● **Problem to solve**
Write the data below out in full, exactly as it stands.

Start of Study material

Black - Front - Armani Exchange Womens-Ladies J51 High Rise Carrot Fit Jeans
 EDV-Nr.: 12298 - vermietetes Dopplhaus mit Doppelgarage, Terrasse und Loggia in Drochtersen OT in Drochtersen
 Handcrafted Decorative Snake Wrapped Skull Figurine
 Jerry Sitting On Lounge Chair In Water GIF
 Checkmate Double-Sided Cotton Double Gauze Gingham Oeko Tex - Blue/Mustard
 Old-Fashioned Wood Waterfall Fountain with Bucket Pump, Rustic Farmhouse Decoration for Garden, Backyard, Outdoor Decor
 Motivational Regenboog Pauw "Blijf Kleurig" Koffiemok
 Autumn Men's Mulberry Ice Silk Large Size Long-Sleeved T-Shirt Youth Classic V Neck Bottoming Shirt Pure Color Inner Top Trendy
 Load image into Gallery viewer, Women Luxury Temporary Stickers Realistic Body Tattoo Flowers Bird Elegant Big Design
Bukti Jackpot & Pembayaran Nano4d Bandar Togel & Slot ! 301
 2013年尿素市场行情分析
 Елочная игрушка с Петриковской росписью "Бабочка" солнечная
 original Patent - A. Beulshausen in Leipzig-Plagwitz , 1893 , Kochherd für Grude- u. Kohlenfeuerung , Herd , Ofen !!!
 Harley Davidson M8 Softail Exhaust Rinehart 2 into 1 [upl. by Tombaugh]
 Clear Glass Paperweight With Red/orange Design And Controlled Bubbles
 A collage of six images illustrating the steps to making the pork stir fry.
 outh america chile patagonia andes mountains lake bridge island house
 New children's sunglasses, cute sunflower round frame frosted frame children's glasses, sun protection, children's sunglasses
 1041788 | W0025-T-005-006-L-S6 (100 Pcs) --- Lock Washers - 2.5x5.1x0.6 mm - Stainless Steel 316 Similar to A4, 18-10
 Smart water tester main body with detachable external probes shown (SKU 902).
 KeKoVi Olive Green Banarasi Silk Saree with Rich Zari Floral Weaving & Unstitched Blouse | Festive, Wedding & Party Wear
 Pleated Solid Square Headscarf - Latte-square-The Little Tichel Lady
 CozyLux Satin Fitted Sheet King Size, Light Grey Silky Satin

End of Study material

● **Solution to the problem**
Black - Front - Armani Exchange Womens-Ladies J51 High Rise Carrot Fit Jeans
 EDV-Nr.: 12298 - vermietetes Dopplhaus mit Doppelgarage, Terrasse und Loggia in Drochtersen OT in Drochtersen
 Handcrafted Decorative Snake Wrapped Skull Figurine
 Jerry Sitting On Lounge Chair In Water GIF
 Checkmate Double-Sided Cotton Double Gauze Gingham Oeko Tex - Blue/Mustard
 Old-Fashioned Wood Waterfall Fountain with Bucket Pump, Rustic Farmhouse Decoration for Garden, Backyard, Outdoor Decor
 Motivational Regenboog Pauw "Blijf Kleurig" Koffiemok
 Autumn Men's Mulberry Ice Silk Large Size Long-Sleeved T-Shirt Youth Classic V Neck Bottoming Shirt Pure Color Inner Top Trendy
 Load image into Gallery viewer, Women Luxury Temporary Stickers Realistic Body Tattoo Flowers Bird Elegant Big Design
Bukti Jackpot & Pembayaran Nano4d Bandar Togel & Slot ! 301
 2013年尿素市场行情分析
 Елочная игрушка с Петриковской росписью "Бабочка" солнечная
 original Patent - A. Beulshausen in Leipzig-Plagwitz , 1893 , Kochherd für Grude- u. Kohlenfeuerung , Herd , Ofen !!!
 Harley Davidson M8 Softail Exhaust Rinehart 2 into 1 [upl. by Tombaugh]
 Clear Glass Paperweight With Red/orange Design And Controlled Bubbles
 A collage of six images illustrating the steps to making the pork stir fry.
 outh america chile patagonia andes mountains lake bridge island house
 New children's sunglasses, cute sunflower round frame frosted frame children's glasses, sun protection, children's sunglasses
 1041788 | W0025-T-005-006-L-S6 (100 Pcs) --- Lock Washers - 2.5x5.1x0.6 mm - Stainless Steel 316 Similar to A4, 18-10
 Smart water tester main body with detachable external probes shown (SKU 902).
 KeKoVi Olive Green Banarasi Silk Saree with Rich Zari Floral Weaving & Unstitched Blouse | Festive, Wedding & Party Wear
 Pleated Solid Square Headscarf - Latte-square-The Little Tichel Lady
 CozyLux Satin Fitted Sheet King Size, Light Grey Silky Satin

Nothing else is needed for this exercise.